*What is needed:*
The answer must consist only of the lines in the records below from the line with "Ashley Stewart Mesh" to the line with "CHANEL Vintage Black", both included, copied word for word with every picture left out.

*Dataset records:*
*** Begin section ***

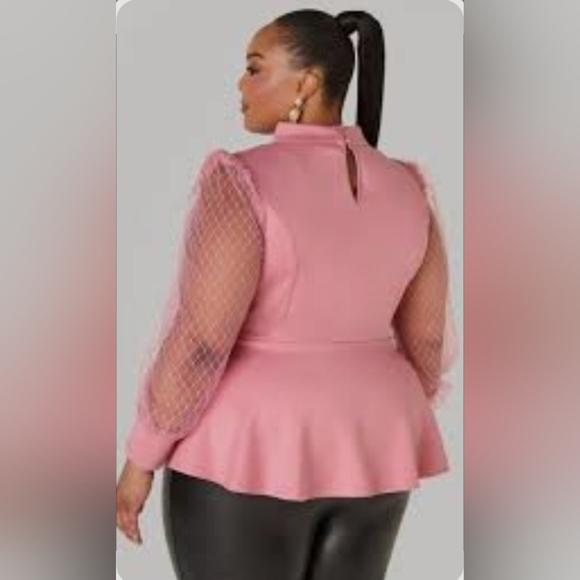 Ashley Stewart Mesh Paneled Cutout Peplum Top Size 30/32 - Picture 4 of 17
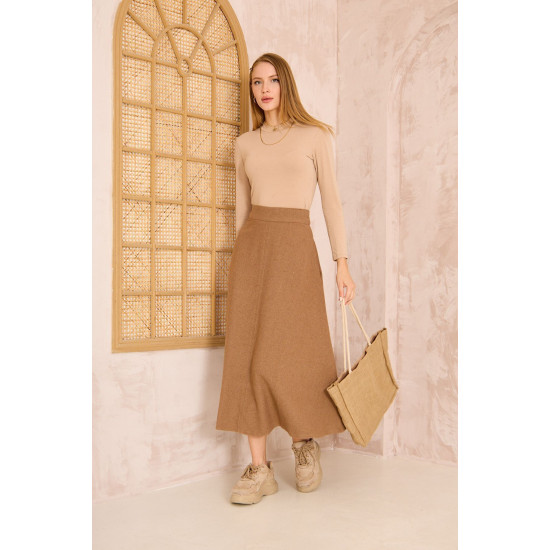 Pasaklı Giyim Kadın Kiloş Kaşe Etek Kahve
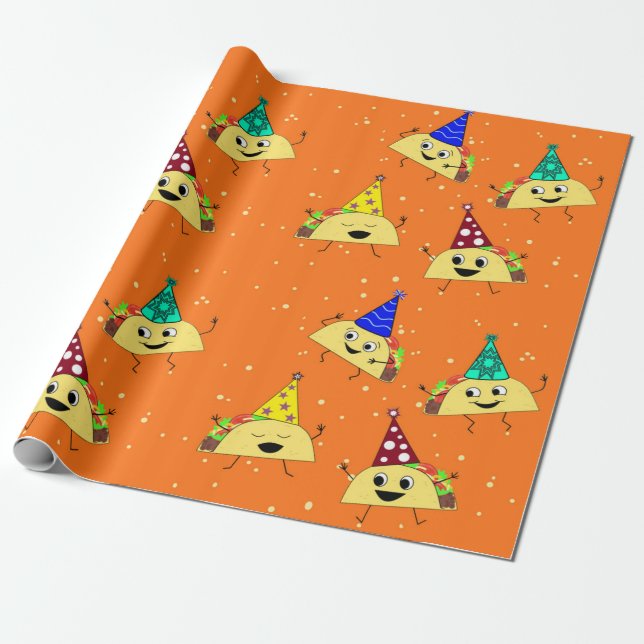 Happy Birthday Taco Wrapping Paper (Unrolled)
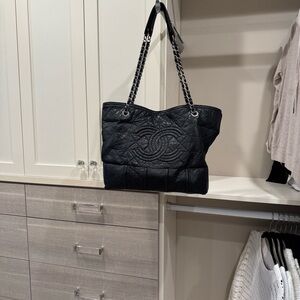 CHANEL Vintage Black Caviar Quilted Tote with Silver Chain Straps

*** End section ***
*** Begin section ***

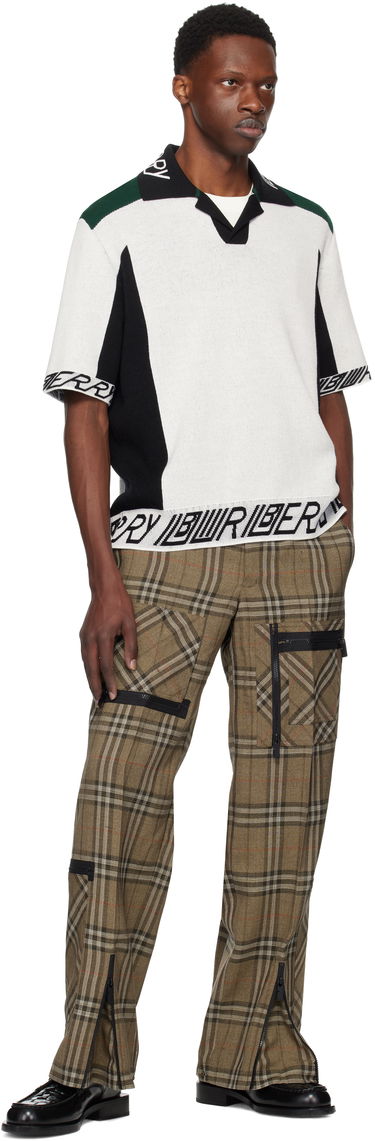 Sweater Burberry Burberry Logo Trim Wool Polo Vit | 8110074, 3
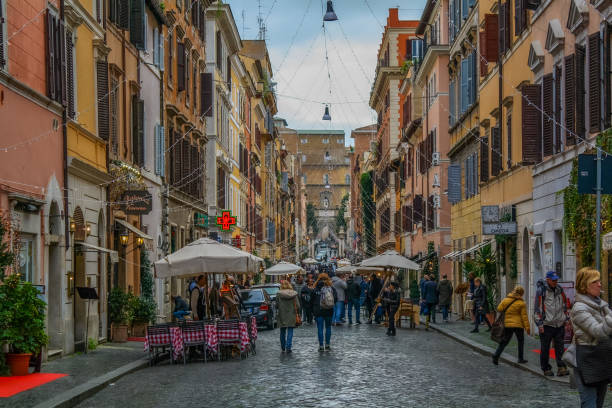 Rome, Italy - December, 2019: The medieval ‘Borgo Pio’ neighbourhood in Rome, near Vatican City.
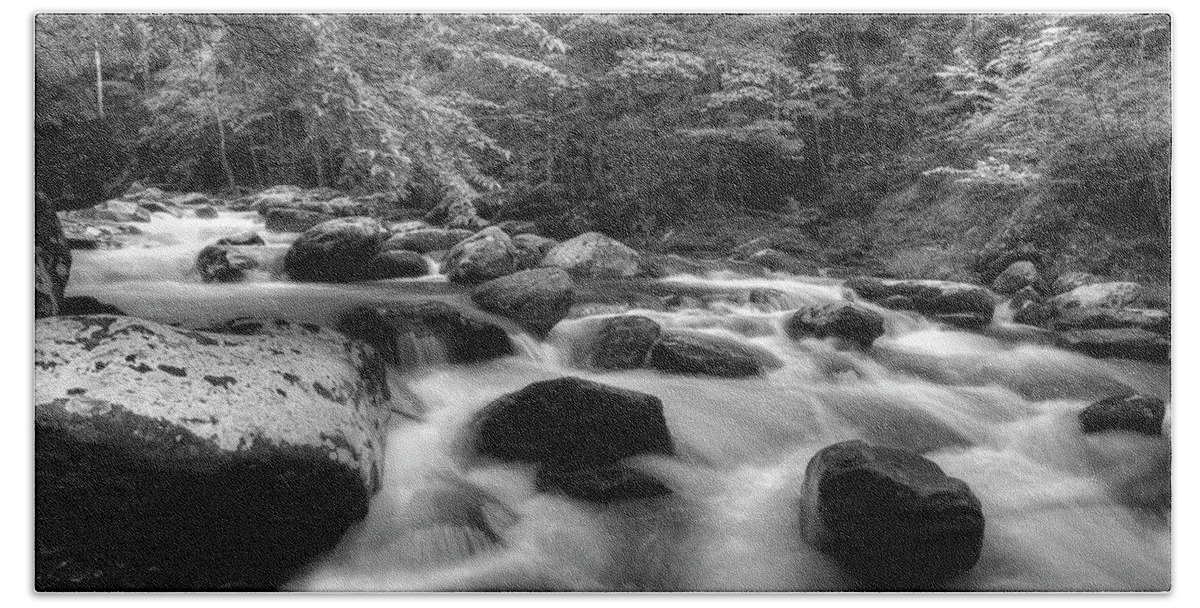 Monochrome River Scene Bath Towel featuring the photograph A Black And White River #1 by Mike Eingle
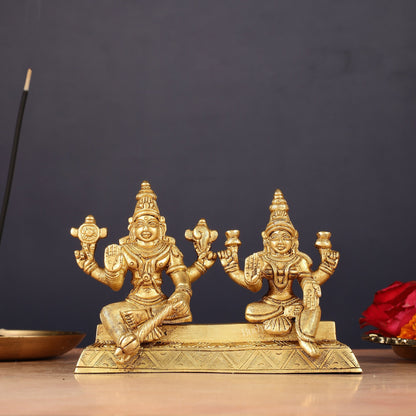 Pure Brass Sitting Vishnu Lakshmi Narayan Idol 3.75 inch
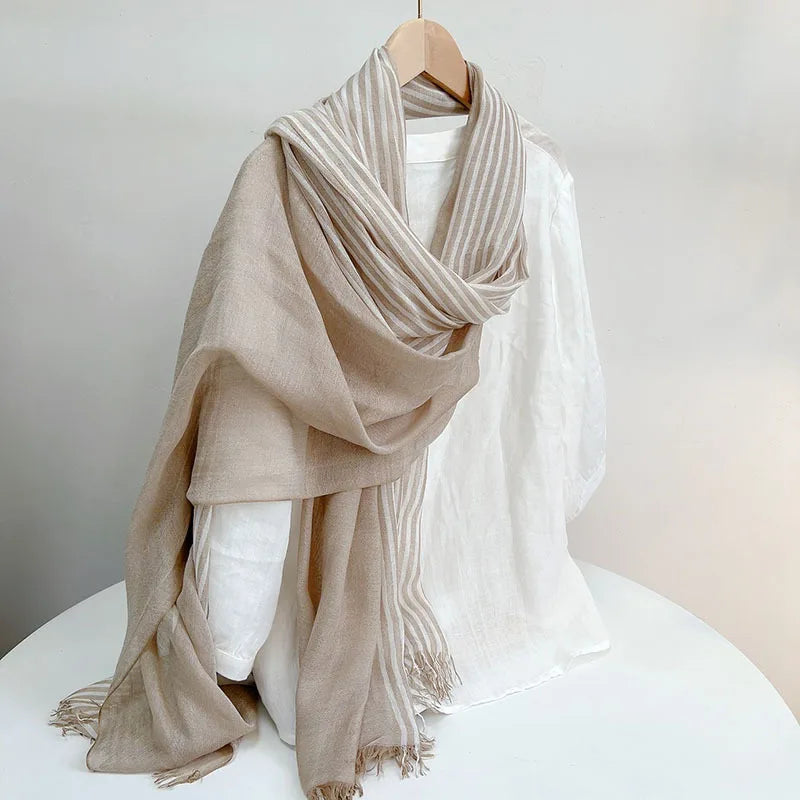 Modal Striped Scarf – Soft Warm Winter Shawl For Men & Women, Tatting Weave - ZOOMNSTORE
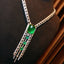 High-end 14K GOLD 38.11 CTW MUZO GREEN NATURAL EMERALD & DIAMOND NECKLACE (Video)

*** End section ***

*Expected answer:*
 Ashley Stewart Mesh Paneled Cutout Peplum Top Size 30/32 - Picture 4 of 17
 Pasaklı Giyim Kadın Kiloş Kaşe Etek Kahve
 Happy Birthday Taco Wrapping Paper (Unrolled)
 CHANEL Vintage Black Caviar Quilted Tote with Silver Chain Straps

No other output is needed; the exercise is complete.